As the analysis indicated different SD-trajectories, we performed a trajectory analysis with sex as grouping factor to figure out and illustrate shape changes in different trajectories across male and females between species (Fig.7, 8). Echinotriton andersoni did not differ markedly from Tylototriton spp. In the latter, cranial SD-trajectories showed contrary directions between some species (Fig.8). Pairwise species-comparison revealed only one pair of species (T. asperrimus : T. taliangensis ) with an alpha-level below 5% and six species pairs below 10% for humerus SShD patterns and two species pairs below 5% and 10% (T.himalayanus : T. kweichowensisand T. shanjing : T. verrucosus ), respectively in SShD patterns of cranium shape (Appendix Tab. A2). To illustrate the different male to female SD-trajectories we plotted TPS-grids for amplecting T. himalayanus and circle dancing T. kweichowensis , both species deviating strongly in SD-trajectories (Fig.7, 8). In T. himalayanus, the humerus turned thinner in the middle part while the distal end was more twisted in females. Further, the crista ventralis was slightly more pronounced in females. InT. kweichowensis especially the crista dorsalis appeared more elaborate in females (Fig.7). Male to female shape changes in cranium morphology of T. himalayanus included an elaborated squamosal bony ridge, a posterior shift of the quadrate, a stronger connection of the maxillary with quadrate and pterygoid, lower nostrils and a shorter frontal arch. In T. kweichowensis cranial shape changes between sexes were much less pronounced and comprised a posterior shift of the quadrate and a slightly posteriorly shift of the palatal fissure between the vomers. Shape changes from the mean shape to male and female shape, respectively, were similar in the humerus, but differed between males and females in their extent, whereas cranial shape changes to the mean deviated between sexes of T. himalayanus but not in T. kweichowensis (Fig.9).

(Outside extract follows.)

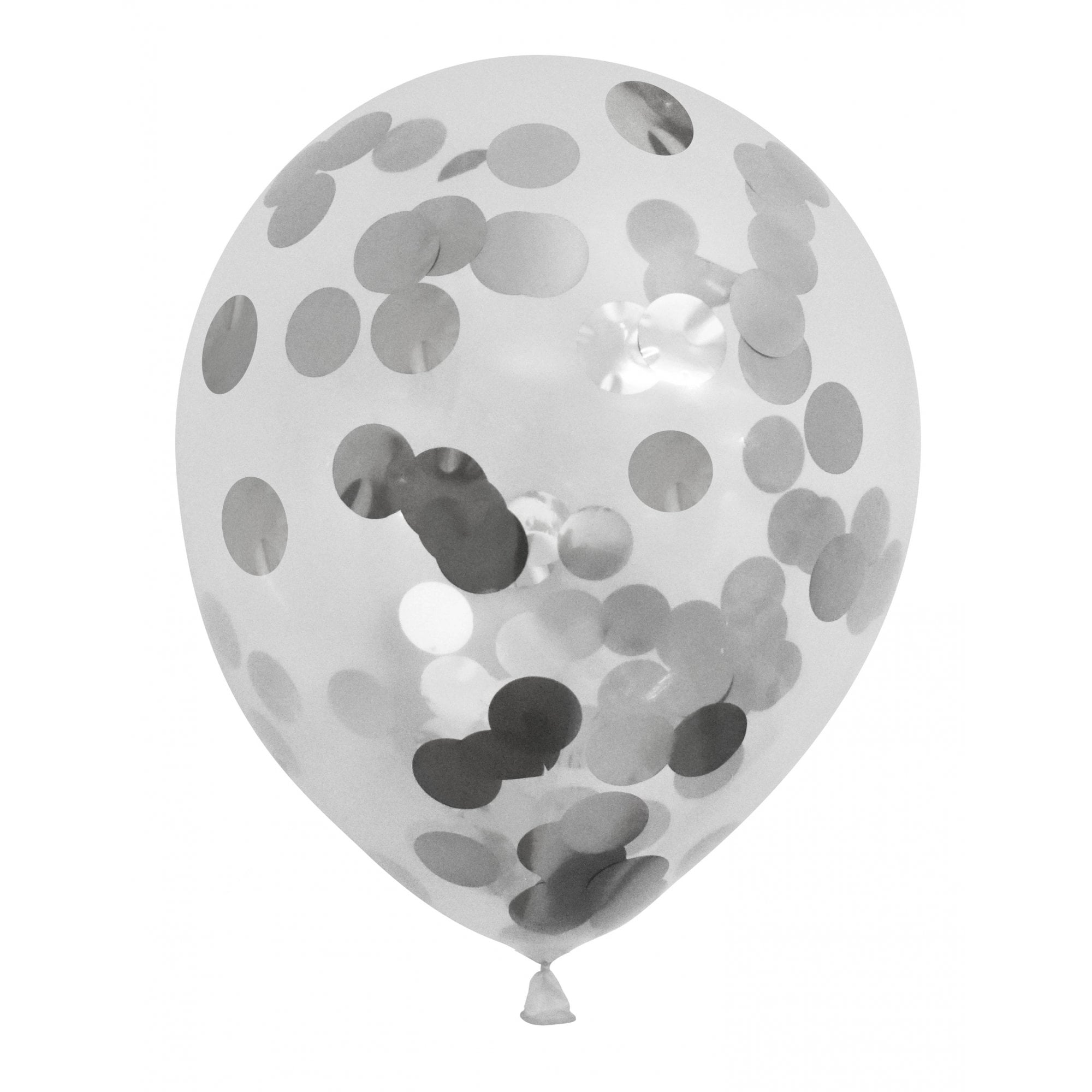 GLOBOS PAYASO SILVER CONFETTI PARTY BALLOONS 6/PK. CB01S \\\KD00319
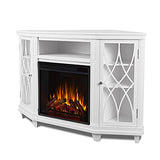 Real Flame Lynette 56" Corner Electric Fireplace TV Stand or TVs up to 55 inches, Entertainment Center with Electric Fireplace, Living Room TV Stand with Fireplace, White Real Flame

Procrustes ANOVA on humerus and cranium log(CS) of species and sex revealed interspecific but also intersexual differences in size (Tab.3 a, b). Further, SSD differed between species indicated by a significant interaction of species and sex (Tab.3 a, b) . Analysis of the effect of mating mode on size yielded no general size differences in the humerus between dancing and amplecting species but the interaction of sex and mating mode was close to significance level (Tab.3 c) which would indicate differences of SSD patterns between mating modes. Cranial size and SSD-patterns do differ between mating modes (Tab.3 d). Pairwise comparisons showed that male and females of amplecting species differ (Z=2.04, p=0.019) in cranial size while this is not the case for circle dancers (Z=-1.76, p=0.96). For the humerus, the same pattern applies but the effect size between amplecting males and females is only close to significance (Z=1.53, p=0.066).